Climate change may cause widespread selenium deficiency


A Swiss team of scientists warn that changes in the climate and soil may lead to a decrease in the soil content of selenium, a micronutrient that is essential to human health. This is bound to affect Europe in particular, they say. Read about the report here and find out how organic selenium yeast can help you stay healthy…..

An estimated one billion humans worldwide get too little selenium, a micronutrient that is essential to human health. Things may get worse, Swiss scientists warn, basing their assumption on climate-change models that reveal how shifts in climate and soil could reduce selenium levels in crops in the future.

Analyzed soil samples
The team of scientists from the Swiss Federal Institute of Aquatic Science and Technology conducted a thorough analysis of soil samples taken from 1994 to 2016, looking at how the selenium content in the top soil changed over time. By holding selenium levels in soil up against 26 environmental variables, the scientists were able to see how the selenium content would change until the end of the century.

Europe most affected
They assessed that selenium deficiency could be on the increase as climate changes lowered the selenium content in soil. About 66% of croplands would lose selenium, they report, guessing that agricultural areas of Europe and parts of the United States would be affected the most. This would add to the current situation where one in seven humans worldwide does not get enough of this vital nutrient.

Adding selenium to fertilizers
The big question is how we ensure that people around the world get enough selenium to maintain proper health. In Finland, the government introduced mandatory selenium-enrichment of fertilizers in the mid-80s as a way of increasing the selenium content in crops. That strategy actually improved the Finnish population’s selenium status. There are disadvantages of this method, however. Not all of the selenium that is added to the fertilizers gets absorbed by the plants, and since selenium is scarce – science believes the global selenium reserves will be exhausted in less than 40 years from now – we may be better off with a strategy that makes better use of this limited resource.

Supplements may be better
A better approach could be to ingest tablets with organic selenium yeast, which is the selenium source that the body absorbs and utilizes the best. Pharma Nord’s organic selenium yeast (SelenoPrecise) can document that 88.7% of its selenium content gets absorbed, and 74% is retained in the body, which shows that it has good bioavailability.
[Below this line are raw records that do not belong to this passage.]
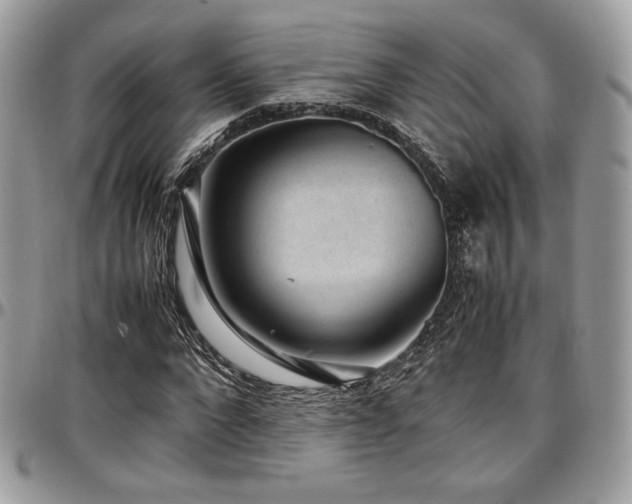 X0000097300872200802151436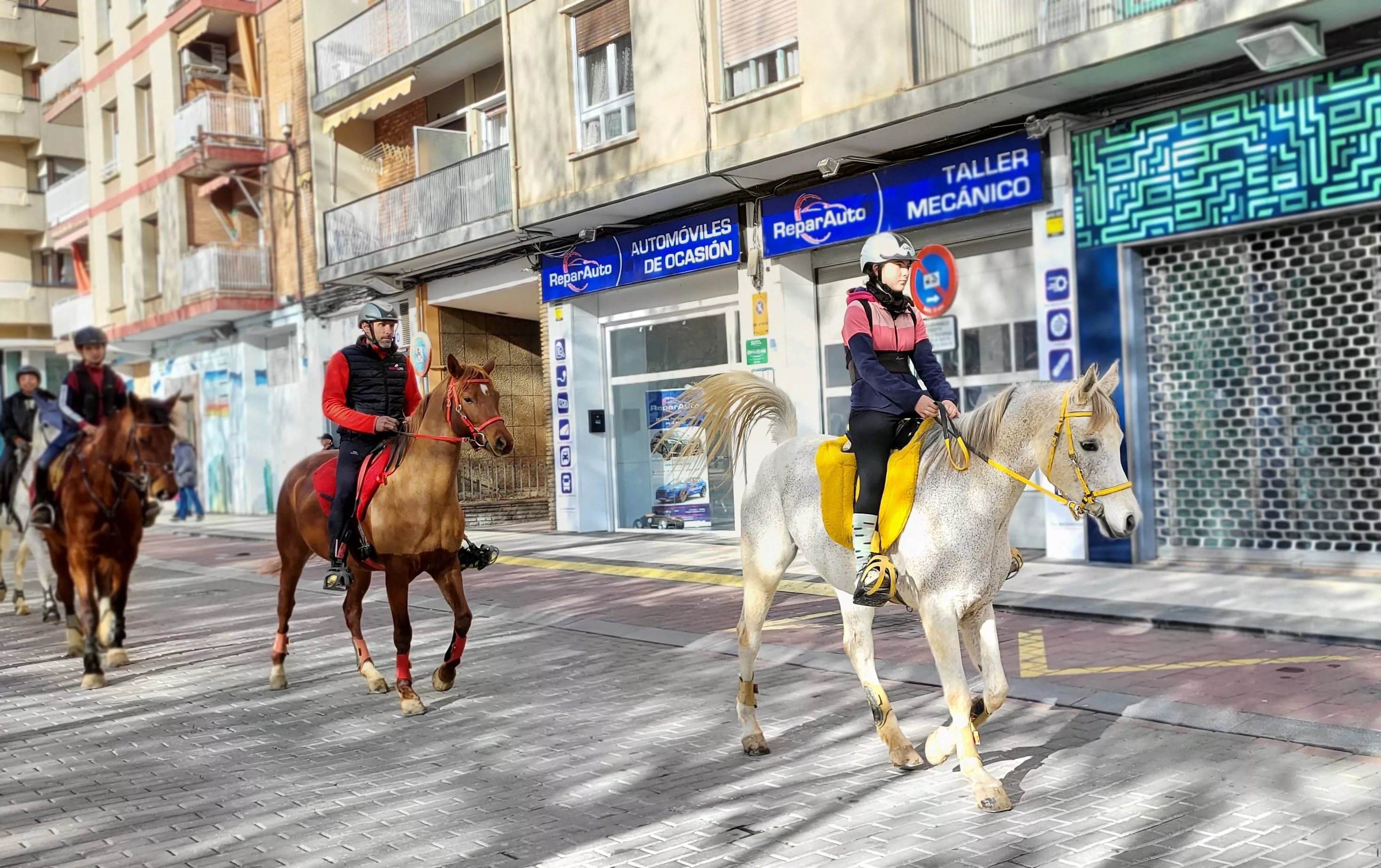 Tradicional bendición de animales por San Antón en Huesca. Foto: Mercedes Manterola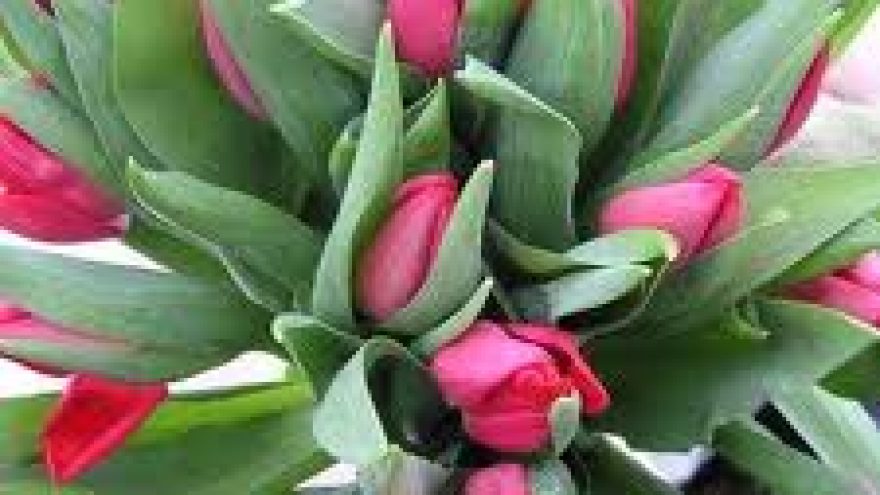 Motinos diena restorane &#8220;Perkūno namai&#8221;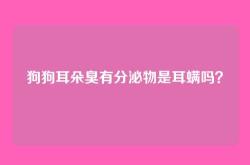 狗狗耳朵臭有分泌物是耳螨吗？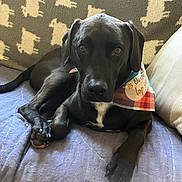 Jake joined the competition — help win amazing prizes! animal, bandana, black_dog, blanket, canine, companion, couch, cozy, cute, dog, fur, home, indoor, llama_pattern, lying_down, paw, pet, plaid, portrait, relaxed
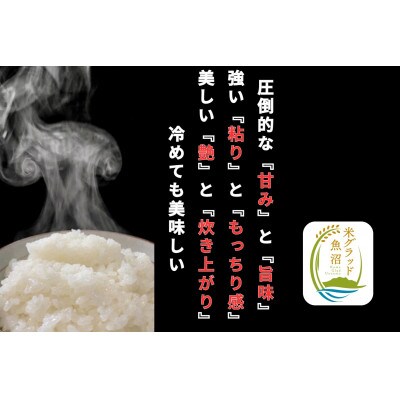 新潟県南魚沼産　新之助　5kg　大粒でツヤがあるこれまでにないお米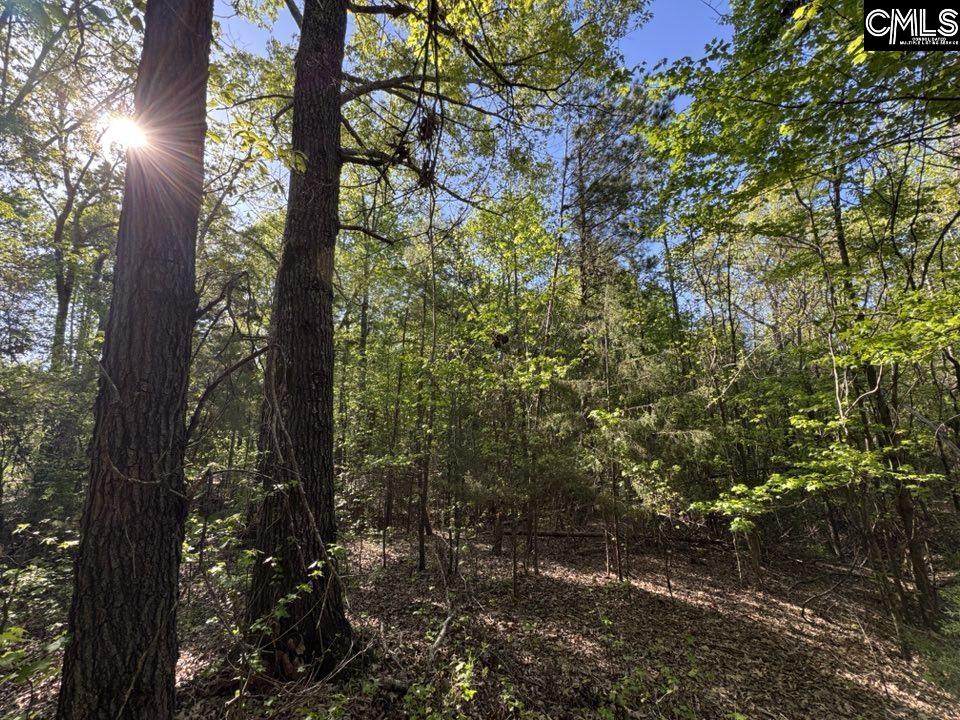 Shaw Road, Woodruff, South Carolina image 4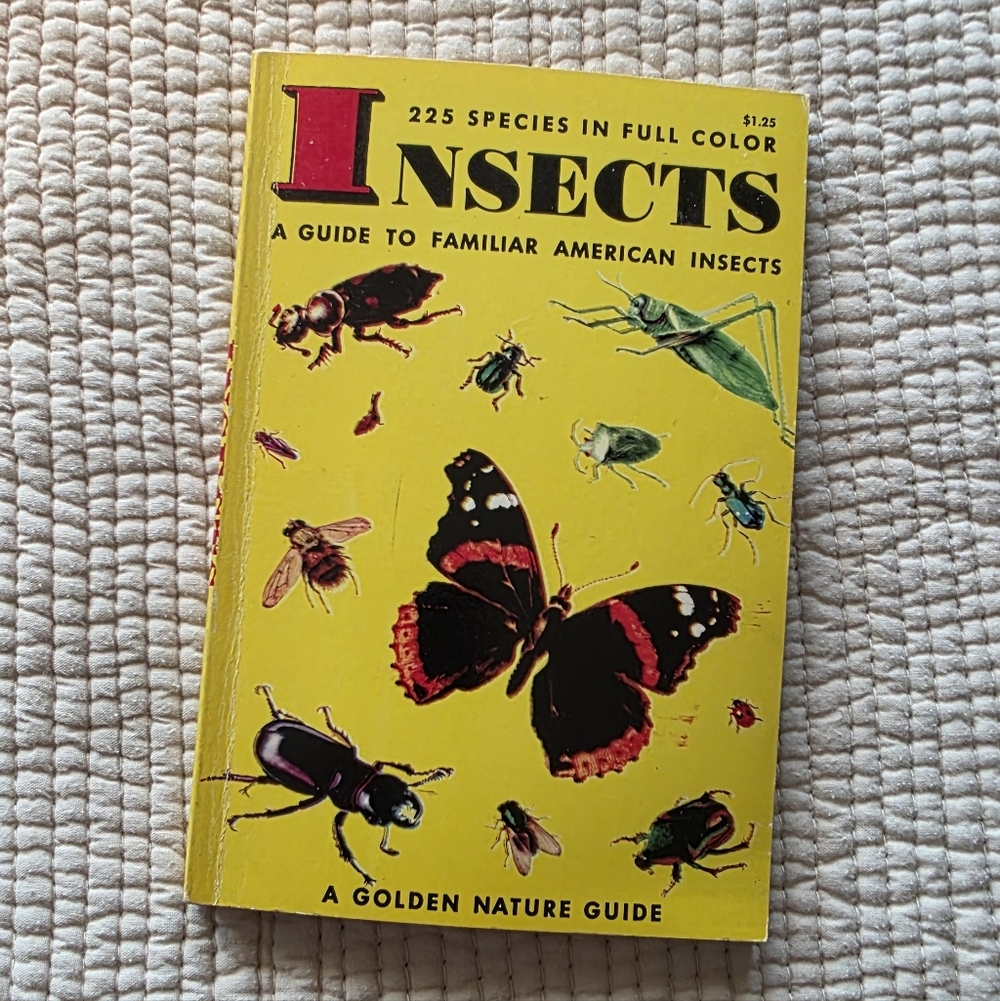 Vintage Book | Golden Nature Guide | Insects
Helped elderly stay healthy
A few years ago, Swedish scientists came out with a study showing that elderly people who took SelenoPrecise daily together with a supplement called Bio-Quinone Q10 were able to maintain their health more easily than those who were given a matching placebo. The study (KiSel-10) got

published in the International Journal of Cardiology in 2013.

The selenium-dependent enzymes
Humans have 25-30 different selenium-dependent enzymes called selenoproteins, which cannot function properly without selenium. These selenoproteins are responsible for body functions such as:

  • Immune defense
  • Thyroid function (metabolism)
  • Protection of cells
  • Reproduction (fertility)

We need a certain amount of selenium every day to saturate these selenoproteins and keep them in normal working order. There is an ongoing discussion about the exact amount needed to stay healthy, but most experts agree that it is somewhere around 70-100 micrograms per day, possibly slightly more.